DA said the lower total milk intake posed a challenge for many processors.
It said the challenge would not be distributed evenly among processors because of the success of some in growing their share of the milk pool and filling the volume gap through supplier recruitment.
Most processors had also experienced some form of post-farmgate setback in the past year, with the broader market downturn, and intricacies of the Chinese market the most cited factors, DA said.
Downstream players have also had their share of setbacks, with Bellamys, Viplus, Camperdown Dairy International and Camperdown Dairy Company among those cutting sales forecasts, encountering trade restrictions or abandoning ventures.
Despite this, the significant amount of new manufacturing capacity coming online over the next few months was likely to maintain competition for milk at the farm gate, DA said.
On the wider international market, Mr Droppert said the balance between supply and demand pressures was keeping dairy commodity prices stable in the short term, after a steady recovery during the second half of 2016.
He said “sentiment drove the recovery but the fundamentals have since caught up.”
Mr Droppert said the global milk supply picture remained cautiously positive for sellers, with only the United States currently showing growth among the major exporters.
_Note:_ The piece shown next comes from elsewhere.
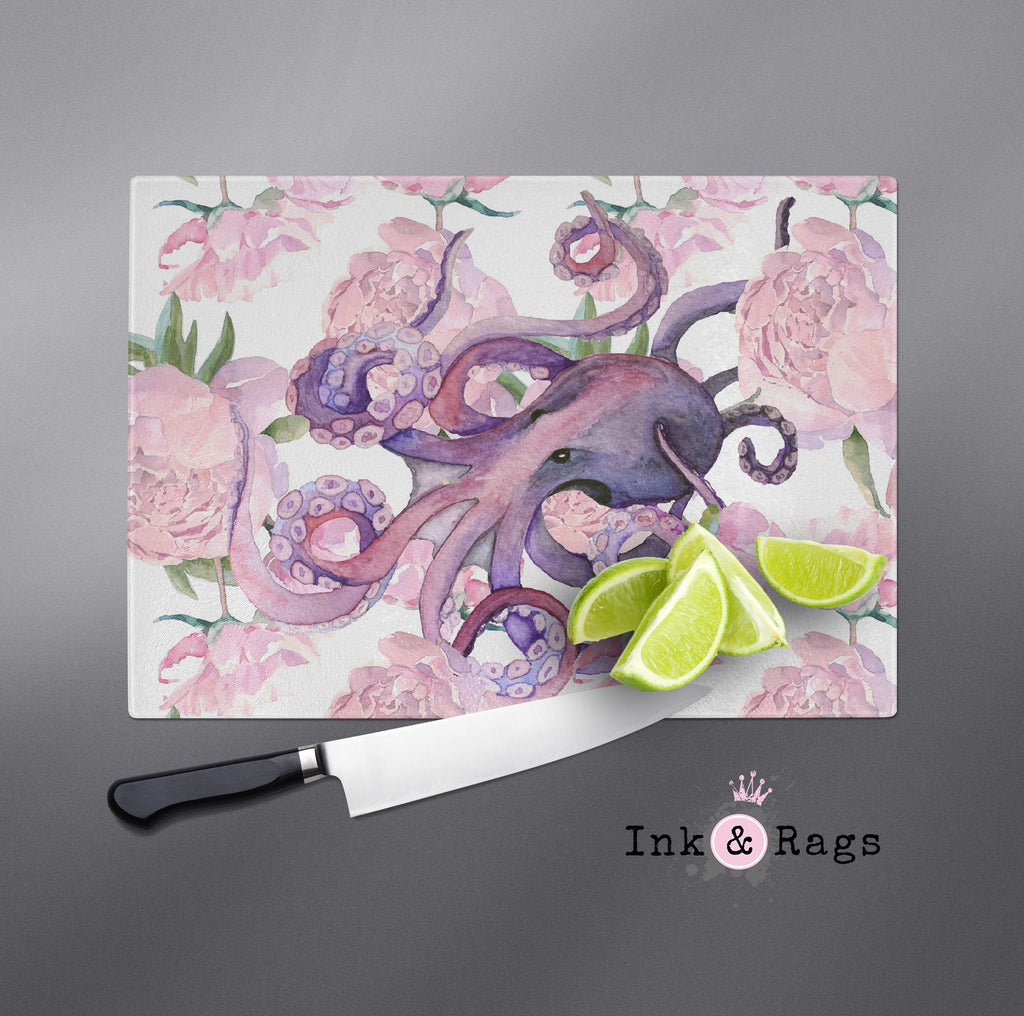 Pink Peony Purple Octopus Cutting Boards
New Zealand and the European Union warranted close watching, but at present milk flows in both regions were likely to remain constrained, he said.
The volume of dairy products Australia traded over the past 12 months to the end of October 2016 rose by just more than seven per cent, with a recovery in demand from Greater China accounting for around a third of that growth.
However the value of global dairy exports was down by 14 per cent, with falls across all major markets except Greater China, reflecting the lower global prices for key dairy commodities for much of the year.
Dairy sales in Australian supermarkets for all major categories except yoghurt outgrew the 1.4 per cent population increase.